Your response should consist of the entries below, written out exactly.
-=-=-=-=-
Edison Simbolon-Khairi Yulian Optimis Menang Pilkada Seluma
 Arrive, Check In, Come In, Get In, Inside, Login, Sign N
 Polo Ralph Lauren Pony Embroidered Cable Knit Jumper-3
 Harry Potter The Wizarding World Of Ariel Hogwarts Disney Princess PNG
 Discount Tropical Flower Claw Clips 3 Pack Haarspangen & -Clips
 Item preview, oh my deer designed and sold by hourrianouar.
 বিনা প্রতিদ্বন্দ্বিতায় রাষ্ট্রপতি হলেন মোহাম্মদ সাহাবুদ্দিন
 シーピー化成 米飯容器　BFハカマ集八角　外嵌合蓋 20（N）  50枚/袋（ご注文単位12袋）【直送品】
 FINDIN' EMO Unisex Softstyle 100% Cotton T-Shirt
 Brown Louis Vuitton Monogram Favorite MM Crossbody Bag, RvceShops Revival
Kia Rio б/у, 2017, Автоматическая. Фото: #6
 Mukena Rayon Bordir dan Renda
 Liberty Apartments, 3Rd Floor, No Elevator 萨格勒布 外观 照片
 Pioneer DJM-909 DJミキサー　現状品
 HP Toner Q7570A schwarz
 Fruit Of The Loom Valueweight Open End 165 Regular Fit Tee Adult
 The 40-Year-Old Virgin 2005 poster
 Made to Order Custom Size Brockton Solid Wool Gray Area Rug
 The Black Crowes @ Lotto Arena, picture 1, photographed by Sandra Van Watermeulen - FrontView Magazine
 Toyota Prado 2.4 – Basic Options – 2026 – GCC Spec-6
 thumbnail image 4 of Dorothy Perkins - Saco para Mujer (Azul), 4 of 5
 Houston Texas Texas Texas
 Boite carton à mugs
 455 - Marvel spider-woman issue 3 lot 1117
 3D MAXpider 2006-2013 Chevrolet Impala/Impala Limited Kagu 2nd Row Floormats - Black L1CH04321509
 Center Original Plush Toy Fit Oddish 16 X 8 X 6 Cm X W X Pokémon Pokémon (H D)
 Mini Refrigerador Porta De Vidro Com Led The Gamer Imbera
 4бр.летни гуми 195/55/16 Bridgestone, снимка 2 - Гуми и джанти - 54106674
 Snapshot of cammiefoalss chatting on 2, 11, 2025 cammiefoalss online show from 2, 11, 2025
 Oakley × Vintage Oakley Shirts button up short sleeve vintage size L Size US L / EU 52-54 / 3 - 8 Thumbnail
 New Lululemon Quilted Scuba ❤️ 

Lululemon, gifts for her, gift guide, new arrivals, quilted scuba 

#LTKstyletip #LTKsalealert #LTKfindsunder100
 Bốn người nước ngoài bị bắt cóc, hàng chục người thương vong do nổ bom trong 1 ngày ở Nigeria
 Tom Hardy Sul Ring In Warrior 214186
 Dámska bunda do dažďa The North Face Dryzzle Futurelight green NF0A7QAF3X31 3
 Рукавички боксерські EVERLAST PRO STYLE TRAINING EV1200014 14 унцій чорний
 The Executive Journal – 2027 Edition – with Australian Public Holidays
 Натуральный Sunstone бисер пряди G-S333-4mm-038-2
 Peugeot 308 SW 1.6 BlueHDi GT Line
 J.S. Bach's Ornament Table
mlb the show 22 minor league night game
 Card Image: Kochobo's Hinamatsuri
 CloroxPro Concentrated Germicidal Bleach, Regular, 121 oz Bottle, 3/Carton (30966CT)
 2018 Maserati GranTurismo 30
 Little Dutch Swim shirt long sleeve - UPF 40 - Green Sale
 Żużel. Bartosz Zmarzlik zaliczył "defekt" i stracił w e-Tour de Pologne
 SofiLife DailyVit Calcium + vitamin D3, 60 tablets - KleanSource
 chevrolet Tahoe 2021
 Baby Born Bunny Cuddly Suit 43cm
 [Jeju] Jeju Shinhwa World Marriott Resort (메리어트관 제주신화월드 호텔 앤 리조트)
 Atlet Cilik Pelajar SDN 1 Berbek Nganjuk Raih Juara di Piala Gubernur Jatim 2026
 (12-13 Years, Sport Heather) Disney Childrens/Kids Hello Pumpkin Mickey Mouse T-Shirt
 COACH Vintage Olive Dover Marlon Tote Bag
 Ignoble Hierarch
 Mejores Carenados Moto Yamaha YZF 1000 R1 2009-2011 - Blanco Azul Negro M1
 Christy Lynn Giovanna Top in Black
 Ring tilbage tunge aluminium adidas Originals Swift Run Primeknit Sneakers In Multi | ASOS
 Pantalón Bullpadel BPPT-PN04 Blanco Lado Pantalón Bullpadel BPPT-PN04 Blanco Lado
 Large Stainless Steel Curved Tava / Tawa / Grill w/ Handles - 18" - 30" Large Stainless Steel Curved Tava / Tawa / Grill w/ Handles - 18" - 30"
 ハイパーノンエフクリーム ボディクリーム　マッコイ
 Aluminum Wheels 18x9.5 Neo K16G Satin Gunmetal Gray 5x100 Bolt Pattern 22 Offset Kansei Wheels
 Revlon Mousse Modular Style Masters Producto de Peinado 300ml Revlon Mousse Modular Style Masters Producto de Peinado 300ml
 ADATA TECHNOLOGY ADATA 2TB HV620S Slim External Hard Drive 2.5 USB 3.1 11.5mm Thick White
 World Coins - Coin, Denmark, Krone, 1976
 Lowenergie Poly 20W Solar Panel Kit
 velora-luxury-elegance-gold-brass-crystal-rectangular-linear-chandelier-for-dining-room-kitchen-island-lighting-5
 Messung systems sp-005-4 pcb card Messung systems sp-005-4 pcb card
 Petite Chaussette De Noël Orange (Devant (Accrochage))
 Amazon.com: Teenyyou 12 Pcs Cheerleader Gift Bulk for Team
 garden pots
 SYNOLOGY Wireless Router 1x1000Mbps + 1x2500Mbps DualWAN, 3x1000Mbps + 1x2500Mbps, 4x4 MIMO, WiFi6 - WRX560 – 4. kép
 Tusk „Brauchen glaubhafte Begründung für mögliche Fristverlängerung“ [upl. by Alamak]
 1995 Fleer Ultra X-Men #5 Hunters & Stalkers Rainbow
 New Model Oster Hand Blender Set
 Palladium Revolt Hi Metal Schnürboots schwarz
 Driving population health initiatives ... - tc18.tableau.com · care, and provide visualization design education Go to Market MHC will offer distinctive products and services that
-=-=-=-=-
§ **Solution to this task**
Edison Simbolon-Khairi Yulian Optimis Menang Pilkada Seluma
 Arrive, Check In, Come In, Get In, Inside, Login, Sign N
 Polo Ralph Lauren Pony Embroidered Cable Knit Jumper-3
 Harry Potter The Wizarding World Of Ariel Hogwarts Disney Princess PNG
 Discount Tropical Flower Claw Clips 3 Pack Haarspangen & -Clips
 Item preview, oh my deer designed and sold by hourrianouar.
 বিনা প্রতিদ্বন্দ্বিতায় রাষ্ট্রপতি হলেন মোহাম্মদ সাহাবুদ্দিন
 シーピー化成 米飯容器　BFハカマ集八角　外嵌合蓋 20（N）  50枚/袋（ご注文単位12袋）【直送品】
 FINDIN' EMO Unisex Softstyle 100% Cotton T-Shirt
 Brown Louis Vuitton Monogram Favorite MM Crossbody Bag, RvceShops Revival
Kia Rio б/у, 2017, Автоматическая. Фото: #6
 Mukena Rayon Bordir dan Renda
 Liberty Apartments, 3Rd Floor, No Elevator 萨格勒布 外观 照片
 Pioneer DJM-909 DJミキサー　現状品
 HP Toner Q7570A schwarz
 Fruit Of The Loom Valueweight Open End 165 Regular Fit Tee Adult
 The 40-Year-Old Virgin 2005 poster
 Made to Order Custom Size Brockton Solid Wool Gray Area Rug
 The Black Crowes @ Lotto Arena, picture 1, photographed by Sandra Van Watermeulen - FrontView Magazine
 Toyota Prado 2.4 – Basic Options – 2026 – GCC Spec-6
 thumbnail image 4 of Dorothy Perkins - Saco para Mujer (Azul), 4 of 5
 Houston Texas Texas Texas
 Boite carton à mugs
 455 - Marvel spider-woman issue 3 lot 1117
 3D MAXpider 2006-2013 Chevrolet Impala/Impala Limited Kagu 2nd Row Floormats - Black L1CH04321509
 Center Original Plush Toy Fit Oddish 16 X 8 X 6 Cm X W X Pokémon Pokémon (H D)
 Mini Refrigerador Porta De Vidro Com Led The Gamer Imbera
 4бр.летни гуми 195/55/16 Bridgestone, снимка 2 - Гуми и джанти - 54106674
 Snapshot of cammiefoalss chatting on 2, 11, 2025 cammiefoalss online show from 2, 11, 2025
 Oakley × Vintage Oakley Shirts button up short sleeve vintage size L Size US L / EU 52-54 / 3 - 8 Thumbnail
 New Lululemon Quilted Scuba ❤️ 

Lululemon, gifts for her, gift guide, new arrivals, quilted scuba 

#LTKstyletip #LTKsalealert #LTKfindsunder100
 Bốn người nước ngoài bị bắt cóc, hàng chục người thương vong do nổ bom trong 1 ngày ở Nigeria
 Tom Hardy Sul Ring In Warrior 214186
 Dámska bunda do dažďa The North Face Dryzzle Futurelight green NF0A7QAF3X31 3
 Рукавички боксерські EVERLAST PRO STYLE TRAINING EV1200014 14 унцій чорний
 The Executive Journal – 2027 Edition – with Australian Public Holidays
 Натуральный Sunstone бисер пряди G-S333-4mm-038-2
 Peugeot 308 SW 1.6 BlueHDi GT Line
 J.S. Bach's Ornament Table
mlb the show 22 minor league night game
 Card Image: Kochobo's Hinamatsuri
 CloroxPro Concentrated Germicidal Bleach, Regular, 121 oz Bottle, 3/Carton (30966CT)
 2018 Maserati GranTurismo 30
 Little Dutch Swim shirt long sleeve - UPF 40 - Green Sale
 Żużel. Bartosz Zmarzlik zaliczył "defekt" i stracił w e-Tour de Pologne
 SofiLife DailyVit Calcium + vitamin D3, 60 tablets - KleanSource
 chevrolet Tahoe 2021
 Baby Born Bunny Cuddly Suit 43cm
 [Jeju] Jeju Shinhwa World Marriott Resort (메리어트관 제주신화월드 호텔 앤 리조트)
 Atlet Cilik Pelajar SDN 1 Berbek Nganjuk Raih Juara di Piala Gubernur Jatim 2026
 (12-13 Years, Sport Heather) Disney Childrens/Kids Hello Pumpkin Mickey Mouse T-Shirt
 COACH Vintage Olive Dover Marlon Tote Bag
 Ignoble Hierarch
 Mejores Carenados Moto Yamaha YZF 1000 R1 2009-2011 - Blanco Azul Negro M1
 Christy Lynn Giovanna Top in Black
 Ring tilbage tunge aluminium adidas Originals Swift Run Primeknit Sneakers In Multi | ASOS
 Pantalón Bullpadel BPPT-PN04 Blanco Lado Pantalón Bullpadel BPPT-PN04 Blanco Lado
 Large Stainless Steel Curved Tava / Tawa / Grill w/ Handles - 18" - 30" Large Stainless Steel Curved Tava / Tawa / Grill w/ Handles - 18" - 30"
 ハイパーノンエフクリーム ボディクリーム　マッコイ
 Aluminum Wheels 18x9.5 Neo K16G Satin Gunmetal Gray 5x100 Bolt Pattern 22 Offset Kansei Wheels
 Revlon Mousse Modular Style Masters Producto de Peinado 300ml Revlon Mousse Modular Style Masters Producto de Peinado 300ml
 ADATA TECHNOLOGY ADATA 2TB HV620S Slim External Hard Drive 2.5 USB 3.1 11.5mm Thick White
 World Coins - Coin, Denmark, Krone, 1976
 Lowenergie Poly 20W Solar Panel Kit
 velora-luxury-elegance-gold-brass-crystal-rectangular-linear-chandelier-for-dining-room-kitchen-island-lighting-5
 Messung systems sp-005-4 pcb card Messung systems sp-005-4 pcb card
 Petite Chaussette De Noël Orange (Devant (Accrochage))
 Amazon.com: Teenyyou 12 Pcs Cheerleader Gift Bulk for Team
 garden pots
 SYNOLOGY Wireless Router 1x1000Mbps + 1x2500Mbps DualWAN, 3x1000Mbps + 1x2500Mbps, 4x4 MIMO, WiFi6 - WRX560 – 4. kép
 Tusk „Brauchen glaubhafte Begründung für mögliche Fristverlängerung“ [upl. by Alamak]
 1995 Fleer Ultra X-Men #5 Hunters & Stalkers Rainbow
 New Model Oster Hand Blender Set
 Palladium Revolt Hi Metal Schnürboots schwarz
 Driving population health initiatives ... - tc18.tableau.com · care, and provide visualization design education Go to Market MHC will offer distinctive products and services that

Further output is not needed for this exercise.